I'm obviously not an expert on Cambodia, but the new text seems reasonable to me, although the "you will never see a land mine text" may be going a bit far. My understanding is that the danger to tourists from landmines in Cambodia is on par with the danger in the Falkland Islands, so providing similar warnings - basically "be aware that there is a potential danger and ask locals when venturing into less-traveled areas" - should be sufficient. -- Ryan(talk) 02:15, 26 March 2007 (EDT)
I've toned down the text a little. I'm also fairly sure there have been foreign casualties due to mines: the Khmer Rouge, for one, liked to ambush trains with mines and several foreigners were killed in an attack near Sihanoukville in the 1990s. Of course this is a little different from just stepping on an old one by accident... Jpatokal 02:33, 26 March 2007 (EDT)
Kampong Cham lists all prices in US dollars. Is use of the dollar in Cambodia so widespread, and so more prevalent than use of the local currency, that we should make an exception to the prices guidelines on accommodation listings and friends? I think this is a case where the traveller comes first and we shouldn't list prices out in the local currency if travellers will never see those prices; however, I'd like to know if that's the case. --Evan 10:31, 6 Dec 2005 (EST)
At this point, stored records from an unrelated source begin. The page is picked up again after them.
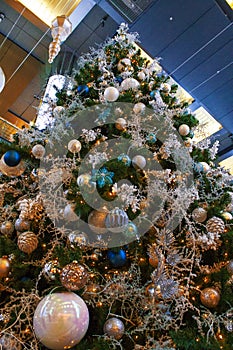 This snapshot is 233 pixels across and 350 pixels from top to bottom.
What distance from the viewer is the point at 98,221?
1175 mm

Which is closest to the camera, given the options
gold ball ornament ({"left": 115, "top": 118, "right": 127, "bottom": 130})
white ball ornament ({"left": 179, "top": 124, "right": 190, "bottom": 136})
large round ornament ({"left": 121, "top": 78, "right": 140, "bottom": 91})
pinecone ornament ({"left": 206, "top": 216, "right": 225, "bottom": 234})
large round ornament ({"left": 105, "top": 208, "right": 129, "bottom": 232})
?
large round ornament ({"left": 105, "top": 208, "right": 129, "bottom": 232})

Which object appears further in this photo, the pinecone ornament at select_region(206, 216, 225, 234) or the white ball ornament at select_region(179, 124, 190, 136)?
the white ball ornament at select_region(179, 124, 190, 136)

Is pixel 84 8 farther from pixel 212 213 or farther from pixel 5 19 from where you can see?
pixel 212 213

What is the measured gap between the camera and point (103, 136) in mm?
1571

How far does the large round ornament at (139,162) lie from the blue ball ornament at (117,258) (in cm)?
43

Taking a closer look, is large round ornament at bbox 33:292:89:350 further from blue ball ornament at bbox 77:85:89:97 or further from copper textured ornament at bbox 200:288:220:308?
blue ball ornament at bbox 77:85:89:97

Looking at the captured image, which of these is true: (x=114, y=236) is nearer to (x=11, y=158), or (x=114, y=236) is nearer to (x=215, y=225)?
(x=215, y=225)

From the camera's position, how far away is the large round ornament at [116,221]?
110 cm

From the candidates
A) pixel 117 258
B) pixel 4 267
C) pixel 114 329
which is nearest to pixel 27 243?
pixel 4 267

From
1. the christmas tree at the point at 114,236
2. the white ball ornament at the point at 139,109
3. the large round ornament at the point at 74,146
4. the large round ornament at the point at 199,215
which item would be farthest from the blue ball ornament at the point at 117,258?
the white ball ornament at the point at 139,109

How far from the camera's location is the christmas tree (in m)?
0.93

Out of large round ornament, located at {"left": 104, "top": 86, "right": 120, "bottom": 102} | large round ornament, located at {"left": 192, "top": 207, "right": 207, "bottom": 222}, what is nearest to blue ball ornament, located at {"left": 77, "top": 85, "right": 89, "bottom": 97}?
Result: large round ornament, located at {"left": 104, "top": 86, "right": 120, "bottom": 102}

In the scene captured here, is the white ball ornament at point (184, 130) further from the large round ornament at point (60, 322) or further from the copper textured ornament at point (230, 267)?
the large round ornament at point (60, 322)

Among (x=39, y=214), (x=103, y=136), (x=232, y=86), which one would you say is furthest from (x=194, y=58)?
(x=39, y=214) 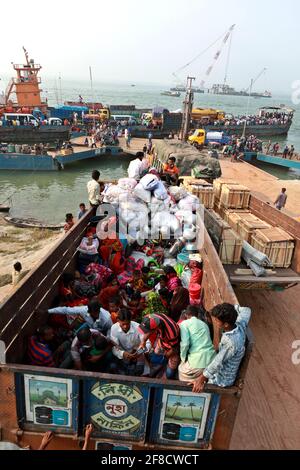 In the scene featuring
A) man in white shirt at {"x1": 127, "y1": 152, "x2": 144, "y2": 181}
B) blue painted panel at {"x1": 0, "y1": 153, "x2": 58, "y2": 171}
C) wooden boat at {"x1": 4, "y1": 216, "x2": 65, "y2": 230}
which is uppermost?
man in white shirt at {"x1": 127, "y1": 152, "x2": 144, "y2": 181}

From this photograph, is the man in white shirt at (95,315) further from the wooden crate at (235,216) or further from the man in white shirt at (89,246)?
the wooden crate at (235,216)

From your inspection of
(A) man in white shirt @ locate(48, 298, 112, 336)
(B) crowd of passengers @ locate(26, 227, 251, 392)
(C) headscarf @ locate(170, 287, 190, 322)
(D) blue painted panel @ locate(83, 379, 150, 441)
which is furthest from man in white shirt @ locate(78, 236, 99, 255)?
(D) blue painted panel @ locate(83, 379, 150, 441)

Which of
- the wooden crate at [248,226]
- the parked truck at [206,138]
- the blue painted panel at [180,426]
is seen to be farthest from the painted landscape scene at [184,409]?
the parked truck at [206,138]

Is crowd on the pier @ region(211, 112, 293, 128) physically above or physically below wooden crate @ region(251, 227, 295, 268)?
above

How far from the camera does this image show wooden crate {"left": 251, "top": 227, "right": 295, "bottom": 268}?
499cm

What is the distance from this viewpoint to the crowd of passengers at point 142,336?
2455 mm

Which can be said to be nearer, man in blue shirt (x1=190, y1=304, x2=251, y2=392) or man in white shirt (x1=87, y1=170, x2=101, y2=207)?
man in blue shirt (x1=190, y1=304, x2=251, y2=392)

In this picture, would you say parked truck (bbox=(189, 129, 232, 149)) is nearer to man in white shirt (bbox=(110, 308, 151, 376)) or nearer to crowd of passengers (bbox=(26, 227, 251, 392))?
crowd of passengers (bbox=(26, 227, 251, 392))

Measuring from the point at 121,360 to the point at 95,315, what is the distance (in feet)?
1.96

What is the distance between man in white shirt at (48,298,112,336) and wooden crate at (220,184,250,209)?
13.1 ft

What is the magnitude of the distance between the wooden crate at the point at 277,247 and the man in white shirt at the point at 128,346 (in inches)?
106

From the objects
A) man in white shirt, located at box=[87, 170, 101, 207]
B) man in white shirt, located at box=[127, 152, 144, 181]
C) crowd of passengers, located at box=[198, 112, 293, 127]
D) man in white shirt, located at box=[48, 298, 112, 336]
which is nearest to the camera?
man in white shirt, located at box=[48, 298, 112, 336]

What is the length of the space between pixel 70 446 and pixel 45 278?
1.75m

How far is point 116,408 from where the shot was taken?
8.20 ft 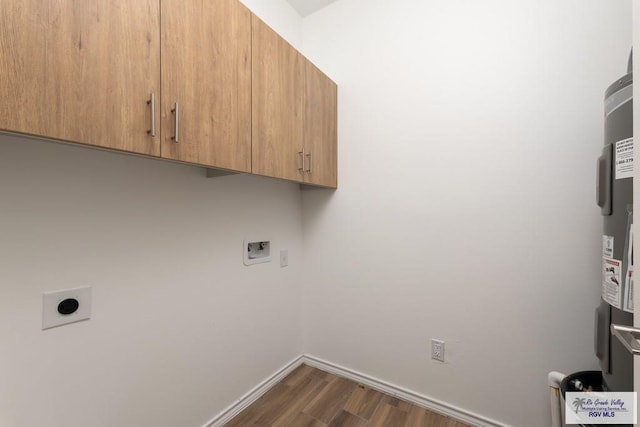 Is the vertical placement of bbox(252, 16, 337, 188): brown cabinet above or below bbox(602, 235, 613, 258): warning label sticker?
above

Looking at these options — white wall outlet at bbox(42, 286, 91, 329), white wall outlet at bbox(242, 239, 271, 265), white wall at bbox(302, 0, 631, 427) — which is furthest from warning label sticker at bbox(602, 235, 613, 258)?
white wall outlet at bbox(42, 286, 91, 329)

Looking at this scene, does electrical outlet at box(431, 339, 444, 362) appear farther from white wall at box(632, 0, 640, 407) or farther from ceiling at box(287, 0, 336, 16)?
ceiling at box(287, 0, 336, 16)

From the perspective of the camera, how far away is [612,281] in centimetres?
87

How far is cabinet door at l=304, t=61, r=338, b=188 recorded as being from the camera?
1.63 meters

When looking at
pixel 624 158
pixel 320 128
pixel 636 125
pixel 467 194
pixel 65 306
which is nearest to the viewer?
pixel 636 125

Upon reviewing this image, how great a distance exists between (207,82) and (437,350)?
185cm

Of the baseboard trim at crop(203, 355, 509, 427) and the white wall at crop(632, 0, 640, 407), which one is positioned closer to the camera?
the white wall at crop(632, 0, 640, 407)

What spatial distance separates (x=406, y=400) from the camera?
5.60ft

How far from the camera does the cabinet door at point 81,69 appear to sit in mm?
615

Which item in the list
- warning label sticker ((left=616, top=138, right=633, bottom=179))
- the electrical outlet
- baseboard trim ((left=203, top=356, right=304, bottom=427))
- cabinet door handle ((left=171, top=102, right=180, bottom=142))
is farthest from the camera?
the electrical outlet

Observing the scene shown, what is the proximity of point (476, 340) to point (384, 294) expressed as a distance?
557 millimetres

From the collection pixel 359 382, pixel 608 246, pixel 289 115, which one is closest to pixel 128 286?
pixel 289 115

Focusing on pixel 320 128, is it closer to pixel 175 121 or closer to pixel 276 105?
pixel 276 105

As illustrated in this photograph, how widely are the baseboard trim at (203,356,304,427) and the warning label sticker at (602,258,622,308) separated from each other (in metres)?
1.80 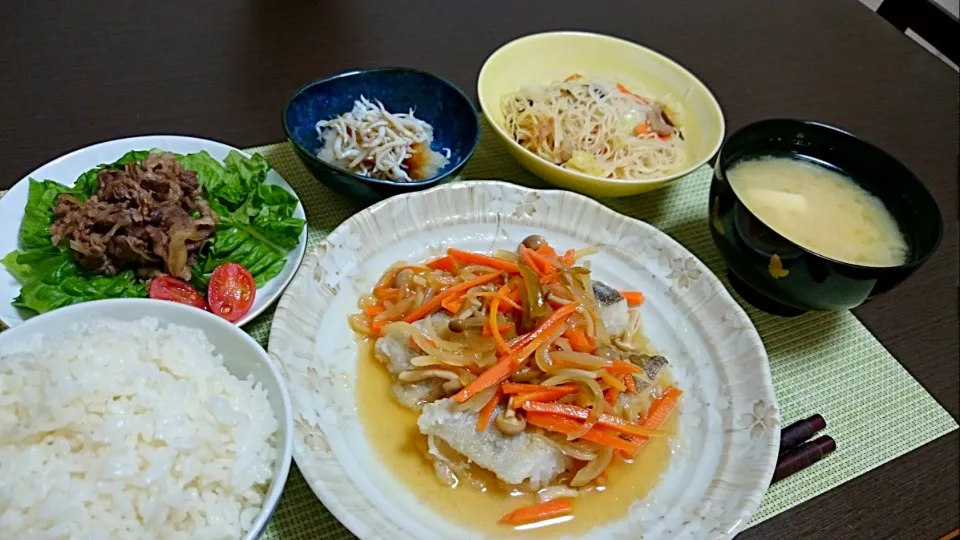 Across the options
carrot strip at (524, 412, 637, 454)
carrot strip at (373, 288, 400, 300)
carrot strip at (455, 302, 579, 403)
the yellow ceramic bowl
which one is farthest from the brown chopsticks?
carrot strip at (373, 288, 400, 300)

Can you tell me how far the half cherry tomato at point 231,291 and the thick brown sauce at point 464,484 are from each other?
1.09 ft

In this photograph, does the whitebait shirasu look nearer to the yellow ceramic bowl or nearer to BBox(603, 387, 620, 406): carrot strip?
the yellow ceramic bowl

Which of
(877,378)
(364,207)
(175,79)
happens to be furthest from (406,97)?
(877,378)

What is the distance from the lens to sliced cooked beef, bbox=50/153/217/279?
5.89 feet

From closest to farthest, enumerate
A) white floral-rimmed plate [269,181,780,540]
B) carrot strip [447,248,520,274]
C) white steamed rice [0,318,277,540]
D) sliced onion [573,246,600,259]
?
white steamed rice [0,318,277,540]
white floral-rimmed plate [269,181,780,540]
carrot strip [447,248,520,274]
sliced onion [573,246,600,259]

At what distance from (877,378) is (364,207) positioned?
160 cm

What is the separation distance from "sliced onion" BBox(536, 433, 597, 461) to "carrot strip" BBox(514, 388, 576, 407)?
86 millimetres

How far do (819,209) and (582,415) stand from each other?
109 centimetres

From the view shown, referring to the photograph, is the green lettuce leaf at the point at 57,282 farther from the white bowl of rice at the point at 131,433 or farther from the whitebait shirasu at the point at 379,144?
the whitebait shirasu at the point at 379,144

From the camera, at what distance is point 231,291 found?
180 centimetres

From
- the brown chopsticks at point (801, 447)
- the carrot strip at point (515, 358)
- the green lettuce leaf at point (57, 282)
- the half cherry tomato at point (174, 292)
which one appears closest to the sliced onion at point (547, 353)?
the carrot strip at point (515, 358)

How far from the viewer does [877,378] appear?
2076mm

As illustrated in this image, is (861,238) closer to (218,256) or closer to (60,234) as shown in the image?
(218,256)

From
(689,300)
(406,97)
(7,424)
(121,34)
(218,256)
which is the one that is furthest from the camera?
(121,34) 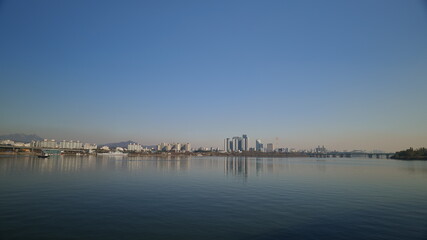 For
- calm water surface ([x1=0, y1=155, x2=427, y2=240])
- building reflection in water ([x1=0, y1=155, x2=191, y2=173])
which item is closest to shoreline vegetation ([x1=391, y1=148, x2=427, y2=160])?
building reflection in water ([x1=0, y1=155, x2=191, y2=173])

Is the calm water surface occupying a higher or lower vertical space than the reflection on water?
higher

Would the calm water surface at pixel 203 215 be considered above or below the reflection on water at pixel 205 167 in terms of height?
above

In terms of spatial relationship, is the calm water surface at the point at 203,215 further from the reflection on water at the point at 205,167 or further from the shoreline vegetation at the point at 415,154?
the shoreline vegetation at the point at 415,154

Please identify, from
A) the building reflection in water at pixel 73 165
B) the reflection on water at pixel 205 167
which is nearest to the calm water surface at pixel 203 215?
the reflection on water at pixel 205 167

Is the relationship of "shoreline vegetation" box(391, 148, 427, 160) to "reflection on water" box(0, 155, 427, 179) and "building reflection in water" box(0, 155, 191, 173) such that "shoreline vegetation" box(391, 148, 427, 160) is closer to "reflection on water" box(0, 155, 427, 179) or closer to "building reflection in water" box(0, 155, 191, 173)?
"reflection on water" box(0, 155, 427, 179)

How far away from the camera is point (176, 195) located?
88.2 ft

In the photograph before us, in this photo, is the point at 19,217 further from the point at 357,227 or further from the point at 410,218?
the point at 410,218

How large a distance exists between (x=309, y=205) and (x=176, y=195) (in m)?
13.5

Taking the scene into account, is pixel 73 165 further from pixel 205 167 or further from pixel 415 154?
pixel 415 154

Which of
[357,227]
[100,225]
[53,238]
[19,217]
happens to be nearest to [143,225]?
[100,225]

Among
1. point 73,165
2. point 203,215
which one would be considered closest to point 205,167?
point 73,165

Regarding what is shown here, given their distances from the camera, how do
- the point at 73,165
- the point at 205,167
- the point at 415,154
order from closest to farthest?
the point at 73,165
the point at 205,167
the point at 415,154

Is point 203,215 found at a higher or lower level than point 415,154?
higher

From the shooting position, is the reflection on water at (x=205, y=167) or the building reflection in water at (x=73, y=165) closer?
the building reflection in water at (x=73, y=165) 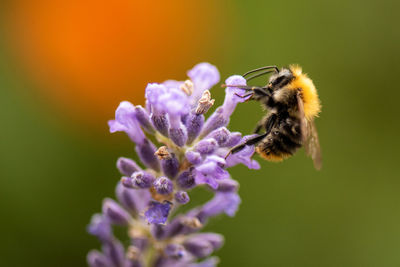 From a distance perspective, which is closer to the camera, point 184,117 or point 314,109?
point 184,117

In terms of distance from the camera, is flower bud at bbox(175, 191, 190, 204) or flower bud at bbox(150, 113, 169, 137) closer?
flower bud at bbox(175, 191, 190, 204)

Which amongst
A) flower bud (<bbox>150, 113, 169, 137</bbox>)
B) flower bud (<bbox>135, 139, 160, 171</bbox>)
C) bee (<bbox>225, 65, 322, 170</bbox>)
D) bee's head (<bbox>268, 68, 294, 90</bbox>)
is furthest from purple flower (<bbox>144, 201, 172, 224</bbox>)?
bee's head (<bbox>268, 68, 294, 90</bbox>)

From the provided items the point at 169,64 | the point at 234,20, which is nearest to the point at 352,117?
the point at 234,20

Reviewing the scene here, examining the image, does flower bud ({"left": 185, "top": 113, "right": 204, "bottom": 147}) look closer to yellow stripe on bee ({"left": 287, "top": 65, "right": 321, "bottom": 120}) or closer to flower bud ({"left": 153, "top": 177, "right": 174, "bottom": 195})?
flower bud ({"left": 153, "top": 177, "right": 174, "bottom": 195})

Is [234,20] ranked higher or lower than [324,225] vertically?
higher

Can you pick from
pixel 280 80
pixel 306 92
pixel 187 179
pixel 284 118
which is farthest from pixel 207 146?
pixel 306 92

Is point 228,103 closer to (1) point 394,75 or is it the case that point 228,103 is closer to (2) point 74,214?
(2) point 74,214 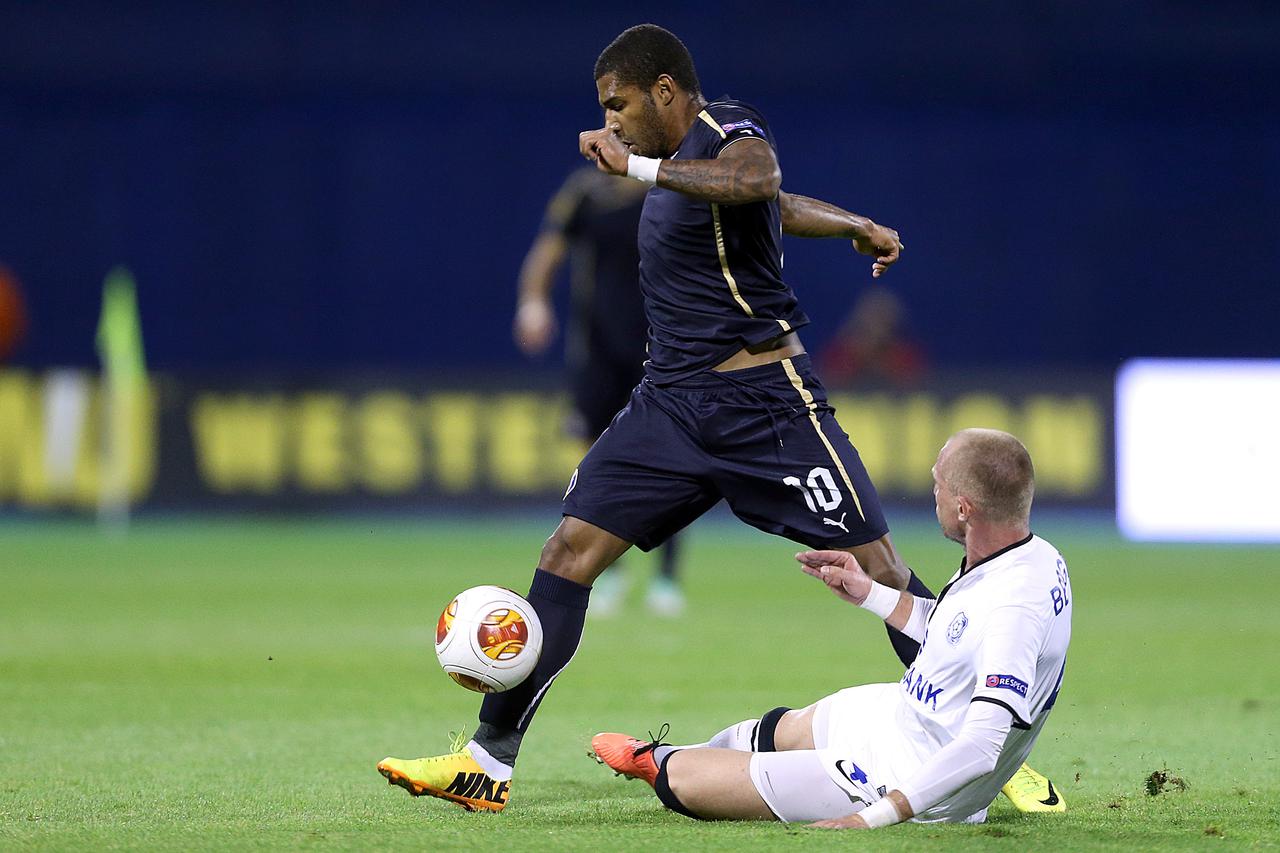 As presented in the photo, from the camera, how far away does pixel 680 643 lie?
966cm

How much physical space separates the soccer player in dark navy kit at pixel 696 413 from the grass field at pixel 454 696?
2.18 feet

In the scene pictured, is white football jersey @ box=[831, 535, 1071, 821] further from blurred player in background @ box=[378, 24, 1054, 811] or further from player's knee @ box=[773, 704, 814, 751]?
blurred player in background @ box=[378, 24, 1054, 811]

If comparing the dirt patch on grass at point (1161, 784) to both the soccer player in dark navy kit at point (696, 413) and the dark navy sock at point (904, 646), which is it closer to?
the dark navy sock at point (904, 646)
Costs for Cambodia should be listed in USD. In practice, travellers only use riel as small change - prices are quoted in USD, payments made in USD, even the ATMs issue USD (and not riel).
Interesting. Do non-US travellers change money into US$ before going to Cambodia? --Evan 12:00, 6 Dec 2005 (EST)
Virtually always. You can spend Thai baht (& get a competitive rate) in the areas bordering Thailand, but otherwise you need to bring in USD (&/or TCs, but USD is easier to work with). Prior to 2005 no ATMs; currently just a handful in Phnom Penh (Siem Reap to follow suit round about now). Even amongst non-tourists, USD is the preferred currency for amounts over and above a couple of beers.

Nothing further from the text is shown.